Stay Alive es una nueva e innecesaria vuelta de tuerca sobre un tema en exceso recurrente en el cine de los últimos años: los vídeo-juegos como arma letal. En este caso, todos aquellos que jueguen una partida de Stay Alive, y mueran durante ella, serán asesinados en la vida real de la misma manera que su personaje virtual. Lo de siempre: un grupo de teenagers inaguantables empezará a sufrir los terribles efectos de la partida. Ahorcamientos, cuellos degollados, atropellos y cuerpos cosidos a tijeretazos, son el plato teóricamente fuerte de la función. El típico y tópico catálogo de muertes variopintas en este tipo de productos.
La película tiene un aspecto de telefilme barato que tumba de espaldas. Su realizador, un tal William Brent Bell -un tipo procedente del mundo del maquillaje cinematográfico-, demuestra su incapacidad total para crear un mínimo de tensión. Por el contrario, manifiesta una facilidad increíble para perder todo tipo de coherencia argumental a medida que se acerca el final de su película. Originalidad, cero. Interpretación, nula. Terror, inexistente. Apaga y vámonos.
Los transexuales están de moda en el cine. La semana pasada les hablaba de la más que correcta Desayuno en Plutón; ahora le toca el turno a Kynky Boots (Pisando Fuerte) , una agradable comedia que, basada en un caso real, nos muestra la manera en que un joven empresario, temiendo que su negocio entre en bancarrota, decide reconvertir la fábrica de zapatos masculinos -heredada de su padre-, en una fábrica de botas de tacones destinadas a travestis, transexuales y drag queens.
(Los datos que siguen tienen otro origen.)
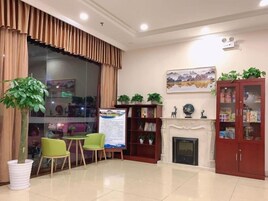 Un salón luminoso con chimenea, una estantería, un sofá verde y un ventanal con cortinas.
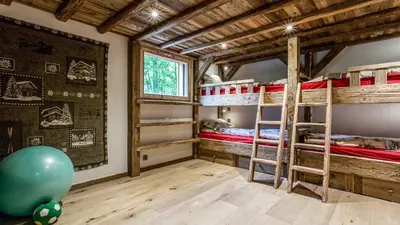 a room with three bunk beds and a large window at Chalet Chal'heureux in Chamonix-Mont-Blanc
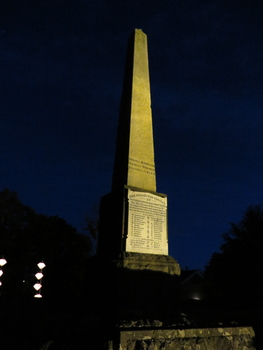 A memorial lit by dawn light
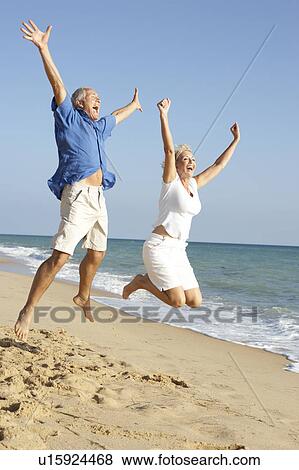 Stock Photo - Senior Couple Enjoying Beach Holiday Jumping In Air. Fotosearch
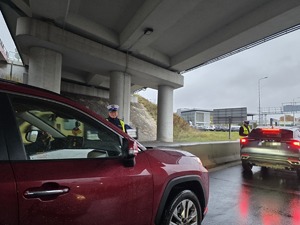 na zdjęciu policjanci obok pojazdów, badają trzeźwość kierujących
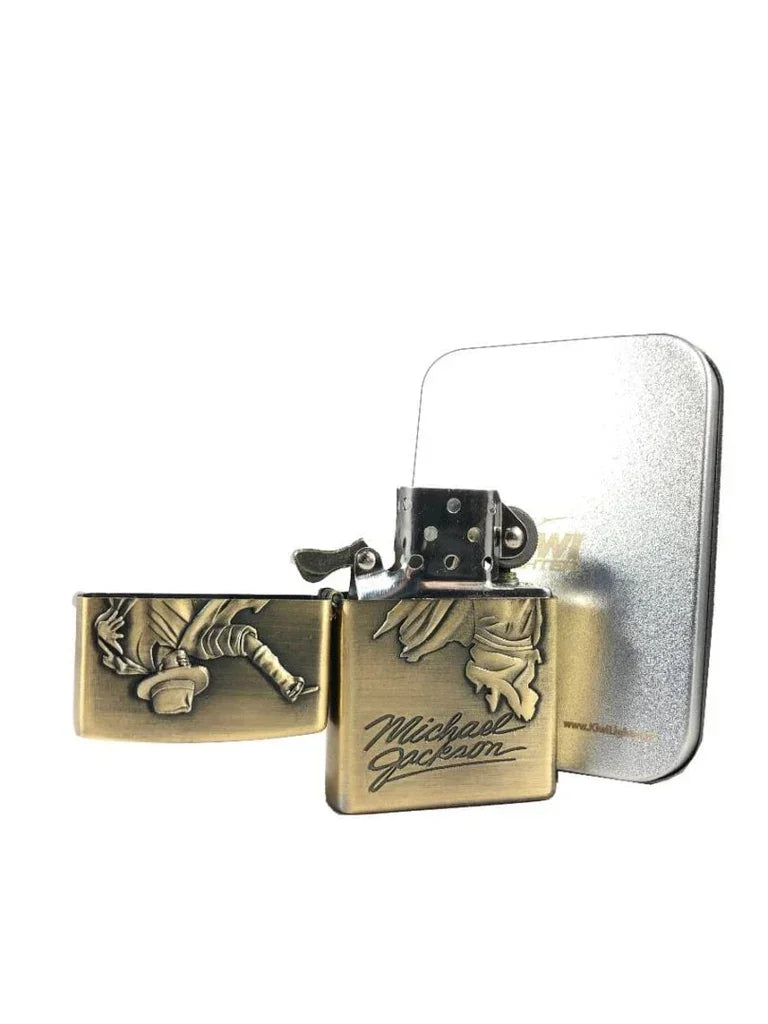 Bronze metal lighter with Michael Jackson engraving and figure, with silver tin box on white background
Típico producto británico, muy en la línea de Full Monty y títulos similares, aunque con menos salsa y unos quince minutos finales demasiados edulcorados y sensibleros. Su realizador, Julian Jarrold, aprovecha la presencia de un travesti en una tranquila población inglesa, para mostrar los contrastes culturales e ideológicos existentes entre los habitantes de una pequeña comunidad rural y los de una gran ciudad, como Londres. Lo mejor del film estriba, precisamente, en esas diferencias. Para ello, se centra, ante todo, en retratar el impacto sufrido por los conservadores trabajadores de una empresa zapatera de Northampton al tener, como nuevo compañero laboral, a un travestido, el cual ha sido contratado en el lugar para diseñar un modelo especial de calzado: unas botas, con tacones muy resistentes, para que puedan soportar el peso de sus transgresores usuarios.